Un « lab » pour penser et porter collectivement les transformations de l’action publique

Entretien avec Martine Poulin, directrice du Centre Cnam Paris et lauréate de la quatrième édition du Transformateur, spécial « Participation des salariés à la transformation numérique des organisations »

Martine Poulin est ingénieure de recherche au Conservatoire national des arts et métiers. Depuis 2 ans et demi, elle est la directrice du centre Cnam Paris. Lauréate du Transformateur spécial « Participation des salariés à la transformation numérique des organisations », elle a accepté de nous parler de son projet, le Lab’ Cnam Paris.

 

 

Bonjour Martine, et merci d’accepter cet entretien. Tout d’abord, pouvez-vous nous expliquer la naissance de votre projet ?

Je suis praticienne-chercheure dans les domaines de l’orientation, de la formation et du travail, et à ce titre, j’appréhende ma fonction sous le prisme de l’analyse du travail. L’un de mes axes prioritaires est d’accompagner au mieux les personnels dans leur vie professionnelle en facilitant le développement de leurs apprentissages et de leurs compétences en situation de travail.

Le Cnam a récemment conduit un projet de réorganisation appelé « Cnam 2020 » qui a occasionné un changement des missions et des périmètres d’activité de nombreux personnels de l’établissement. Il fallait donc accompagner ce changement organisationnel et managérial, et faciliter l’adaptation des agents à leur nouveau contexte professionnel. Ce besoin a été pris en compte très rapidement par notre direction des ressources humaines.  En effet, certains agents étaient réticents à l’idée des changements annoncés, car le Cnam a connu d’autres périodes de réorganisation et il était difficile de les convaincre, de les faire adhérer à ce nouveau projet.

Si les agents n’adhèrent pas, il faut d’abord comprendre pourquoi. Je me suis dit qu’aborder le sujet par la question du sens du travail pouvait être un levier intéressant pour comprendre ce qui se jouait là.
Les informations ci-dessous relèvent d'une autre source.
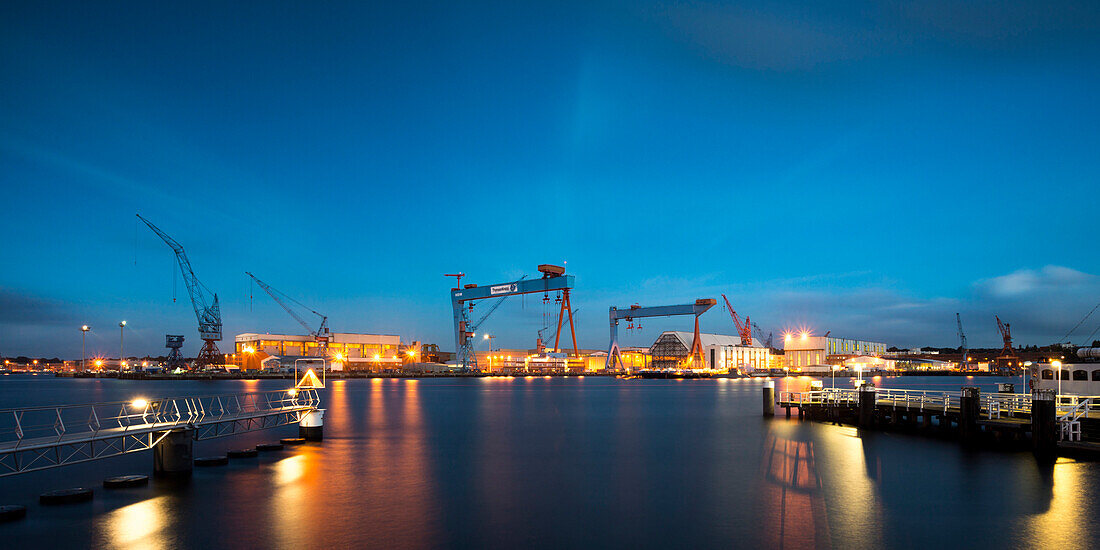 Howaldtswerke-Deutsche Werft at night, Kiel Fjord, Baltic Sea, Kiel, Schleswig-Holstein, Germany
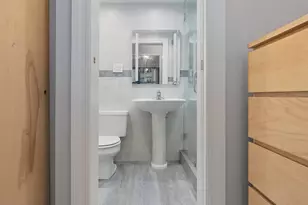 305 E 40th St, New York City, NY 10017 - Photo 9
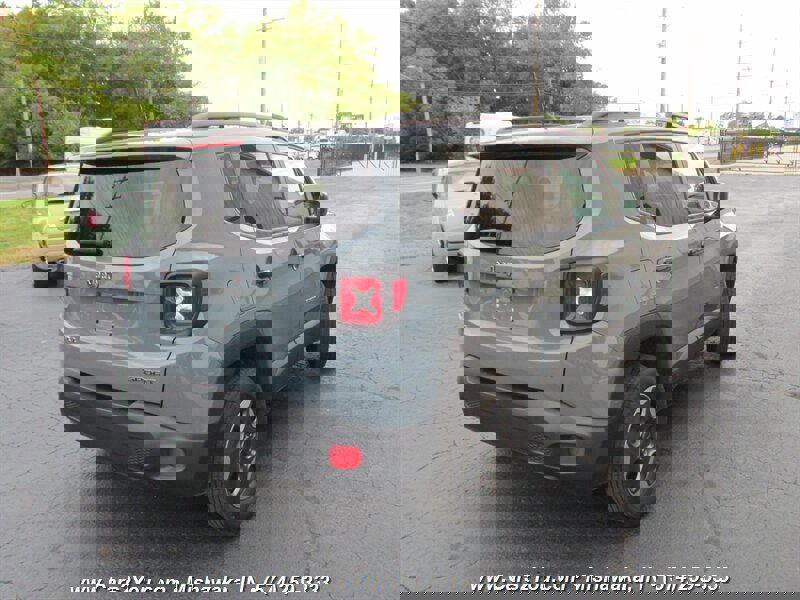 Used 2017 Jeep Renegade Sport w/ Power & Air Group image 6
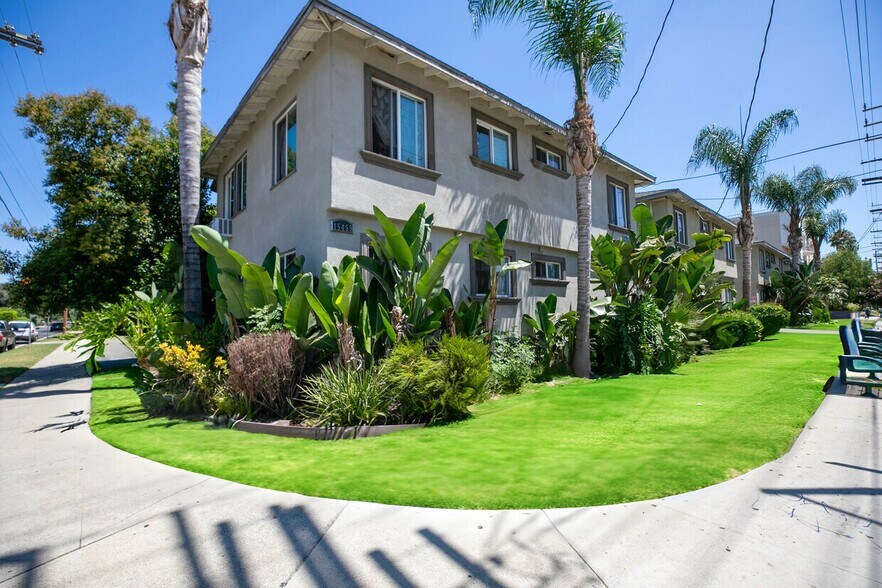 15455 Vanowen St, Van Nuys, CA à vendre - Photo du bâtiment - Image 1 de 19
En concertation avec des managers de ma direction, nous avons commencé par mettre en place des ateliers collectifs de travail, autour des activités plus directement impactées par le projet de réorganisation, à savoir les fonctions d’accueil, d’information, d’orientation et de la scolarité – inscriptions, suivi, diplomation… L’idée était d’entendre ce que les agents disaient de leur métier, de comprendre la façon dont ils appréhendaient leurs pratiques, et de recueillir les représentations qu’ils se faisaient de leur activité dans le futur, en tenant compte du projet de réorganisation. Ces temps de travail ont fait l’objet de formalisations écrites partagées et ont été une occasion de valoriser par la même occasion le travail réel – versus le travail prescrit – des personnels.

A partir de ce qui est ressorti de ces différents ateliers, agréablement surprise par l’enthousiasme des agents à vouloir proposer des actions pour améliorer leur travail et leur qualité de vie au travail, je me suis dit que c’était par la redynamisation des collectifs de travail qu’on pourrait faire quelque chose de constructif et mettre aussi en place notre projet de direction du Cnam Paris.

C’est avec ce cheminement de pensée et d’actions centré sur l’intelligence collective et notre travail de veille que l’idée du Lab’ est née.  Nous l’avions repéré comme pouvant être un bel outil pour fédérer des collectifs autour de problématiques de travail et pour accompagner les changements organisationnels. Néanmoins, un point de vigilance m’interpellait : mettre en place ce Lab’, n’était-ce pas ajouter un dispositif à une somme de procédures déjà existantes ?

Avant de nous lancer, nous avons donc fait un benchmark et sommes allés voir des Labs déjà existants tels que ceux du SGMAP, Pôle Emploi, la 27e Région… et manifestement, ces Labs étaient souvent vécus de manière positive par les personnels les mobilisant. Ces retours d’expériences partagés nous ont aidés à nous lancer.

Nous nous sommes donc lancés dans l’ingénierie de ce projet. Le but que nous nous sommes fixé au départ était modeste : il n’était pas question de résoudre tous les problèmes d’organisation de l’entité, mais simplement d’avoir la possibilité de poser les problèmes collectivement dans un lieu dédié et à un moment donné.

Le LAB’ Cnam Paris a été pensé comme un outil au service de l’accompagnement des pratiques et des compétences professionnelles des acteurs, dans un contexte d’évolutions technologiques, réglementaires, numériques et sociales de l’organisation de travail.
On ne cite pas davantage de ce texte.